Document via Central Intelligence Agency.
Document via Central Intelligence Agency.
As a result, the Malaysian bank, which was initially set up to uplift impoverished Malaysians from the ethnic Malay community, had lost US$1 billion and prompted a delayed and wide scale probe into the scandal.
In the document entitled “The Bank Bumiputra Scandal: More Trouble Ahead for Malaysia’s Mahathir?”, the CIA said although Dr Mahathir had admitted BMF’s “imprudent” practices, the government’s response to the losses incurred was “surprisingly restrained”.
The agency said Dr Mahathir had downplayed the bank’s culpability while the government’s strategy to address the issue was to contain the problem while looking for a way to bail out the bank.
The 91-year-old former prime minister, who is currently a staunch critic of the present-day government embroiled in the on-going 1Malaysia Development Berhad (1MDB) scandal, has denied any involvement with the BMF fiasco.
“I don’t steal money. The money was missing and it is the bank’s money,” Dr Mahathir told local press in May 2015.
Unlike Prime Minister Najib Razak, who acted as an adviser to the strategic investment fund 1MDB, Dr Mahathir says he did not hold any position with Bank Bumi.
“I was not the manager of the bank, neither was I its adviser.”
Despite his repeated denials, the CIA document produced in March 1985 said “circumstantial evidence” suggested that the scandal extends into the Mahathir administration. This was because as a government-owned banking institution, Bank Bumi was closely monitored buy the both the Finance Ministry and Central Bank.
“No important decisions are made without their agreement or knowledge,” the document said.
“It is unlikely that the government was unaware of Bank Bumi’s increase on lending limits for its overseas branches to allow more funds to be channeled to Hong Kong.
“This action was taken after word of Tan’s difficulties had dried up funds from other sources,”  it said.
The agency said Tengku Razaleigh Hamzah, who was Trade and Industry minister during the height of the scandal, was frequently mentioned throughout the case as the implicated BMF officials were “close associates which he helped appoint”.
Dr Mahathir, who was then widely regarded as a close confidante of Tengku Razaleigh, also had close ties with those involved, including Nawawi Mat Awin, the bank’s chairman.
“The most potential damaging aspect of the affair is the connection of Tan to officials of the United Malays National Organisation (Umno), headed by Mahathir and the dominant party on the government coalition,” the agency said.

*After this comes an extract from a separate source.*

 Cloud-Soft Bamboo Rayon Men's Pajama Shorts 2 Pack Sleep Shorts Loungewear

The CIA said although there had been no direct links established between Dr Mahathir and the scandal, the political standing of his administration, which took the clean government mandate in 1981, was tainted by the “hint of association”.
“The secrecy of the government’s investigation — defended as necessary under Malaysia’s Banking Secrecy Laws — and a year’s delay after the problems surfaced in effecting any management changes at BMF have made the government suspect.

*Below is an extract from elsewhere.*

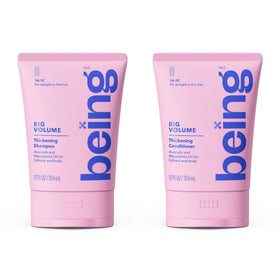 BEING INC front packaging showing volumizing shampoo and conditioner benefits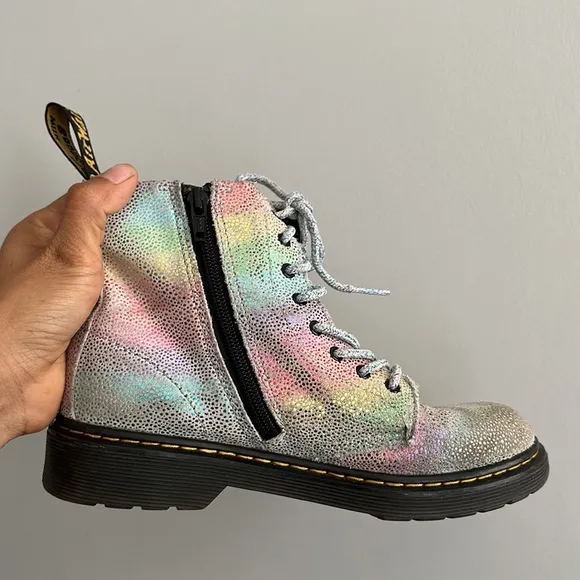 Dr Martens 1460 Pascal J Rainbow Iridescent Boots Kids Youth Size 4M 5L Lace Up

“Many businessmen and bankers believe that the government is using the six accused BMF officials as scapegoats in an effort to avoid implicating senior government officials.”
In response to Dr Mahathir’s criticisms of 1MDB, the Malaysian Anti-Corruption Commission (MACC) advisory board chairman Tunku Abdul Aziz Ibrahim had slammed the elderly statesman, saying their probes into financial scandals were currently more transparent than ever before, especially during Dr Mahathir’s tenure.
“We will, in our current climate of openness, get a lot faster to the bottom of 1MDB’s shortcomings, if indeed there are problems, than we got out of the investigations into financial and other excesses during the lost ethical years when Dr Mahathir was prime minister,” Tunku Abdul Aziz wrote in a column piece published in the New Straits Times.
Tunku Abdul Aziz pointed out that no action took place in Malaysia from the aftermath of the BMF scandal, although a committee was set up to investigate the case and recommended that criminal proceedings be taken against those involved.